偽のZoomサイトを悪用したマルウェア拡散を確認
偽のZoomサイトを悪用したマルウェア配布を確認
偽のZoomウェブサイトを通じてマルウェアを配布する手口が確認された。問題のサイトは「uswebzoomus.com/zoom/」から始まるURLを使用し、Zoomの待機室画面を模倣して利用者を誘導する。
ページにアクセスすると、被害者の接続情報が攻撃者側に通知される仕組みとなっている。その後、あたかも他の参加者が会議に参加しているかのように表示され、通信遅延や音声・映像トラブルが発生しているように見せかける。
こうした演出によって利用者に不具合が生じていると誤認させ、偽のアップデートや追加ソフトウェアの導入へと誘導するのが狙いとみられる。
攻撃の具体的な手口
偽サイト上では「Update Available」と表示されたポップアップが現れ、利用者に更新を促す。これをクリックすると、不正なインストーラーファイルがダウンロードされる仕組みだ。
確認されたファイル名は「zoom_agent_x64_s-i(__941afee582cc71135202939296679e229dd7cced) (1).msi」。

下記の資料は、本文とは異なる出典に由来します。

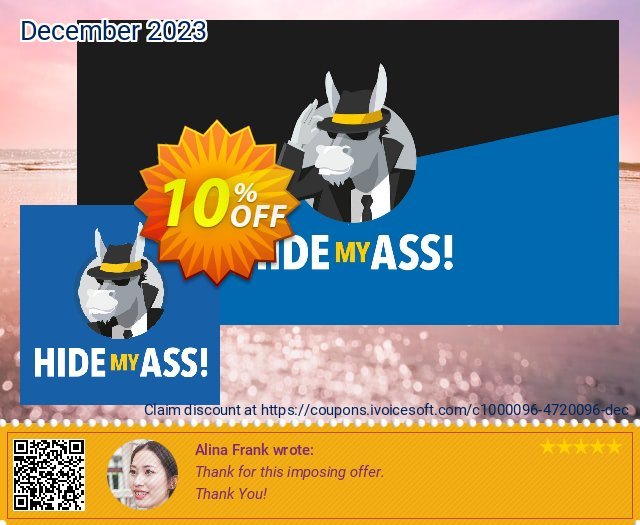 Hidemyass 6 Months discount 10% OFF, 2024 April Fools' Day offering sales. 6 Months 29.99 Special super discounts code 2024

実行すると、監視ソフト「Teramind」のステルスモードが導入される。
Teramindは本来、企業環境で従業員の端末利用状況を可視化するための正規ソフトウェアだが、今回の事案では個人端末に無断でインストールされ、利用者の操作内容を監視する目的で悪用されているとみられる。
Teramind悪用のリスク
Teramindは企業向けの正規ソフトウェアとして提供されており、適切な運用ルールの下で利用される場合は監視・管理用途のツールとなる。一方、利用者の同意なく個人端末に導入された場合は、端末内の操作情報を収集する目的で悪用されるおそれがある。
同ソフトはキーストローク記録、スクリーンショット取得、閲覧履歴の収集といった機能を備え、収集情報を外部サーバーへ送信できる仕様とされる。今回のように不正インストールと組み合わされた場合、プライバシー侵害や認証情報の漏えいにつながる可能性がある。
セキュリティ確認と予防策
「uswebzoomus.com/zoom/」からファイルをダウンロードした場合は、実行せず削除することが望ましい。すでに実行している場合は、端末内の「C:\ProgramData{4CEC2908-5CE4-48F0-A717-8FC833D8017A}」フォルダを確認し、Teramindが導入されていないかを点検する必要がある。
あわせて、主要アカウントのパスワード変更や二要素認証の有効化など、追加の防御策を講じることが推奨される。Zoomを利用する際は、リンク経由ではなく公式ドメイン「zoom.us」を直接入力してアクセスする習慣が安全だ。
今回の事例は、新種マルウェアではなく既存の商用ソフトウェアを悪用する手法が用いられた点に特徴がある。正規ツールを装うことで利用者の警戒心を下げる狙いがあるとみられる。リンクの送信元やダウンロード元を確認し、不審なソフトウェアを安易に導入しないことが重要だ。